Segment Start: Data to process
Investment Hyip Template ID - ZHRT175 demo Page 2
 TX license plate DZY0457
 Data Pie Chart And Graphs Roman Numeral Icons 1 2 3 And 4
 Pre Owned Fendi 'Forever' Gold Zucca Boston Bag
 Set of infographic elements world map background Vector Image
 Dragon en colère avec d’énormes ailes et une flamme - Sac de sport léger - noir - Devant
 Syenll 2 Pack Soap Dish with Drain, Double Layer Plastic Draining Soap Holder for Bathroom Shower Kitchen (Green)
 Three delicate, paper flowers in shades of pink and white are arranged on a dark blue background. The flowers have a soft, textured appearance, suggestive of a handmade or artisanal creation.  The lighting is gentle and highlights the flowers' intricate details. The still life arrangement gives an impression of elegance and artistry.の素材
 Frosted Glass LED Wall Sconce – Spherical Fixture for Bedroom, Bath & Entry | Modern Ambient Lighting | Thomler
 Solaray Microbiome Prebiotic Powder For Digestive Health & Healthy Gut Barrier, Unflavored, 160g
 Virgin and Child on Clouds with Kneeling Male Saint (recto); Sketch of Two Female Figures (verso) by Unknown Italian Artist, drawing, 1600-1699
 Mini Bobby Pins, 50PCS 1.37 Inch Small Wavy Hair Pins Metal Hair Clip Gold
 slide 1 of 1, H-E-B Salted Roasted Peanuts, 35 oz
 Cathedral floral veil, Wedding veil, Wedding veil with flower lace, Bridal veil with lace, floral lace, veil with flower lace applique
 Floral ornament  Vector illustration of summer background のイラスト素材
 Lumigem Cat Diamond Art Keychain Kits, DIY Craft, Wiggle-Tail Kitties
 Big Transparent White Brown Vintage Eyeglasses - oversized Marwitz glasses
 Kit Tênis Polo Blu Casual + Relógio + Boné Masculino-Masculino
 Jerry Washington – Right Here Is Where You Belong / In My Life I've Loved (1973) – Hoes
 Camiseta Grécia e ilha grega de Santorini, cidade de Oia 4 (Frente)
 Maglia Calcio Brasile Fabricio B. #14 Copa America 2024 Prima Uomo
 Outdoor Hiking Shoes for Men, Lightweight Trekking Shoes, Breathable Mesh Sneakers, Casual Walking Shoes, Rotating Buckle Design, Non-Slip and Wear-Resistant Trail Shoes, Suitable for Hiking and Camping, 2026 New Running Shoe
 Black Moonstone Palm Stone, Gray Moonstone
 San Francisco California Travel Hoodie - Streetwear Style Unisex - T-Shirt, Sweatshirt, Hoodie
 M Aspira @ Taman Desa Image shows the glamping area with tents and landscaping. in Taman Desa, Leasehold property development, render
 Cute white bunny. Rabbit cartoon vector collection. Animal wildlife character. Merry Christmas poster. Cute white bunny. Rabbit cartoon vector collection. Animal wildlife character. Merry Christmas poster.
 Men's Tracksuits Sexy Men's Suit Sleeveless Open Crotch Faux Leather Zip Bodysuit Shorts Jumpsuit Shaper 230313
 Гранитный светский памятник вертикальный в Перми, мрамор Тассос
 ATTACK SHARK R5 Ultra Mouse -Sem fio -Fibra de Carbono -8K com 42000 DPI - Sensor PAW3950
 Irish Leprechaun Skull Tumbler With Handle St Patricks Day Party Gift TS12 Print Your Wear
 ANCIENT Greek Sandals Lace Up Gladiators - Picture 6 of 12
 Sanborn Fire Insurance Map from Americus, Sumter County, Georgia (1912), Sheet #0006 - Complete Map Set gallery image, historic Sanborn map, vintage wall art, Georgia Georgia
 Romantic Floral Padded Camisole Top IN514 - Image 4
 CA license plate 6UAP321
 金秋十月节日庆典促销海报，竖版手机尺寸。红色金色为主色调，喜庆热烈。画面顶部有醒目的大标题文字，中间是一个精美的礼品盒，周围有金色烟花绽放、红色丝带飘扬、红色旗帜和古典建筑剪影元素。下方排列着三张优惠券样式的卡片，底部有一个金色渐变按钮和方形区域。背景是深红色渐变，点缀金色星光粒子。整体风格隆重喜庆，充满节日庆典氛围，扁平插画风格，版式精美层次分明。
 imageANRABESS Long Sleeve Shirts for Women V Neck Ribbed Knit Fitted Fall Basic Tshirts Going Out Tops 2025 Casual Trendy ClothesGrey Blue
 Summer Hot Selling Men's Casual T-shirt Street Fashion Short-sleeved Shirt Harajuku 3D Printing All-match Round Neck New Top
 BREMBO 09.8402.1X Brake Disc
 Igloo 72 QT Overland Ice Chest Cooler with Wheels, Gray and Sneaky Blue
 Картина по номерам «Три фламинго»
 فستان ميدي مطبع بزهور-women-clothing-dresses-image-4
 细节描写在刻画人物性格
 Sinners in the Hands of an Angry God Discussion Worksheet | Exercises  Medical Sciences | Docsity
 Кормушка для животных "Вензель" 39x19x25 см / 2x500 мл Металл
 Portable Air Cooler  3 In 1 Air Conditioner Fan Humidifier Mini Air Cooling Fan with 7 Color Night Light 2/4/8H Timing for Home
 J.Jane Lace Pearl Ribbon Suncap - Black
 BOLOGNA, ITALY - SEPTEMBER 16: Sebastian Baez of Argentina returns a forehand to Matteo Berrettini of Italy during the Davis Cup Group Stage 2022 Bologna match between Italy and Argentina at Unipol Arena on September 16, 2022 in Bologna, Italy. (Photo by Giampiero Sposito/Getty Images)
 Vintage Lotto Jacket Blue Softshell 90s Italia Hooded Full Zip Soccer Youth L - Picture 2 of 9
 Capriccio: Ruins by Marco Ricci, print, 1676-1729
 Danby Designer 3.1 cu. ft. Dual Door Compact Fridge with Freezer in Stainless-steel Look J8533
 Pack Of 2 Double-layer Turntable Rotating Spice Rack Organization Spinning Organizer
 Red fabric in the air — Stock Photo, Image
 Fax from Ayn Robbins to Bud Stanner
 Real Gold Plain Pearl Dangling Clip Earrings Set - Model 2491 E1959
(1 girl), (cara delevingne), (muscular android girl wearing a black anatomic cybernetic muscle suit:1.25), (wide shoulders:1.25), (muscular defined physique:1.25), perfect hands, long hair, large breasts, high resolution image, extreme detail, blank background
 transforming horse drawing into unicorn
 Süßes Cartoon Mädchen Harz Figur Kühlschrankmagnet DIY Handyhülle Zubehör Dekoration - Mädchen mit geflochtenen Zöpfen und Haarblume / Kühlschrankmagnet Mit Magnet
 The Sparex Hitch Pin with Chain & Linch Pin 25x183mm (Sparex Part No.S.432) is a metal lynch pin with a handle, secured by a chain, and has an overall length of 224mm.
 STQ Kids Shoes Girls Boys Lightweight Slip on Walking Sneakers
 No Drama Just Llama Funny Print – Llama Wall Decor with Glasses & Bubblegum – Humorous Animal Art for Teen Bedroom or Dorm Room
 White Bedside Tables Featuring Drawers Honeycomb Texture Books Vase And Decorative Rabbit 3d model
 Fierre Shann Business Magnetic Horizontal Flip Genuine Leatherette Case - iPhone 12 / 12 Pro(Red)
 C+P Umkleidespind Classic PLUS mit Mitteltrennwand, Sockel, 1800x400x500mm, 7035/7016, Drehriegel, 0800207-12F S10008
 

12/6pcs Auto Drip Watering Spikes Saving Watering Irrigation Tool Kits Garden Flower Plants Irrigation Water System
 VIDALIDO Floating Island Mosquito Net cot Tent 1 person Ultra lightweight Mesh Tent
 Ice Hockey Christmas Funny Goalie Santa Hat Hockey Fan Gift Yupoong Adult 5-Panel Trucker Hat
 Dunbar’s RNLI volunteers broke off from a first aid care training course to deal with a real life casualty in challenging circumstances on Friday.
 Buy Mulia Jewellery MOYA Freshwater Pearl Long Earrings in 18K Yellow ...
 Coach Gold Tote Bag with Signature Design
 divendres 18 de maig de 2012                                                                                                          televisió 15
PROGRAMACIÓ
Segment End: Data to process
◆ **Work instructions**: Your task is to collect every line above that contains the word "Gold".

◆ **Expected answer**:
 Pre Owned Fendi 'Forever' Gold Zucca Boston Bag
 Mini Bobby Pins, 50PCS 1.37 Inch Small Wavy Hair Pins Metal Hair Clip Gold
 Real Gold Plain Pearl Dangling Clip Earrings Set - Model 2491 E1959
 Coach Gold Tote Bag with Signature Design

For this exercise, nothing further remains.